Decentralized Localization of Distributed Antenna Array Elements Using an Evolutionary Algorithm

Distributed phased arrays have recently garnered interest in applications such as satellite communications and high-resolution remote sensing. High-performance coherent distributed operations such as distributed beamforming are dependent on the ability to synchronize the spatio-electrical states of the elements in the array to the order of the operational wavelength, so that coherent signal summation can be achieved at any arbitrary target destination. In this paper, we address the fundamental challenge of precise distributed array element localization to enable coherent operation, even in complex environments where the array may not be capable of directly estimating all nodal link distances. We employ a two-way time transfer technique to synchronize the nodes of the array and perform internode ranging. We implement the classical multidimensional scaling algorithm to recover a decentralized array geometry from a set of range estimates. We also establish the incomplete set of range estimates as a multivariable non-convex optimization problem, and define the differential evolution algorithm which searches the solution space to complete the set of ranges. We experimentally demonstrate wireless localization using a spectrally-sparse pulsed two-tone waveform with 40 MHz tone separation in a laboratory environment, achieving a mean localization error vector magnitude of 0.82 mm in an environment with an average link SNR of 34 dB, theoretically supporting distributed beamforming operation up to 24.3 GHz.

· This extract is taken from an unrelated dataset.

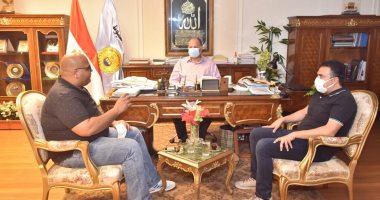 محافظ أسيوط يناقش إنشاء مصنع تدوير المخلفات الصلبة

Multi-Objective Distributed Beamforming Using High-Accuracy Synchronization and Localization

We present a multi-node, multi-objective open-loop microwave distributed beamforming system based on high-accuracy wireless synchronization and localization. Distributed beamforming requires accurate coordination of the spatial and electrical states of the individual elements within the array to achieve and maintain coherent beamforming at intended destinations. Of the basic coordination aspects, time synchronization and localization of the elements are among the most critical to support beamforming of modulated waveforms to destinations in both the near-field and far-field of the array. In this work, we demonstrate multi-objective distributed beamforming from a three-node distributed phased array consisting of software-defined radios that leverages high-accuracy wireless time coordination for both time synchronization and two-dimensional localization of the elements. We use a spectrally-sparse two-tone waveform for high-accuracy inter-node range estimation combined with a linear-frequency modulated waveform to mitigate multipath interference. Localization is performed in a centralized format, where one node is designated as the origin and the remaining nodes build the array geometry relative to the origin, from which we obtain localization accuracy of less than 1 cm. We implement a near-field multi-objective beamformer based on the location estimates, which enables the simultaneous steering of a beam and a null to two receiving antennas. Multi-objective beamforming of pulsed waveforms at a carrier frequency of 2.1 GHz is demonstrated in cases where one of the nodes in the distributed antenna array is moved, and where the targets (the two receiving antennas) are moved.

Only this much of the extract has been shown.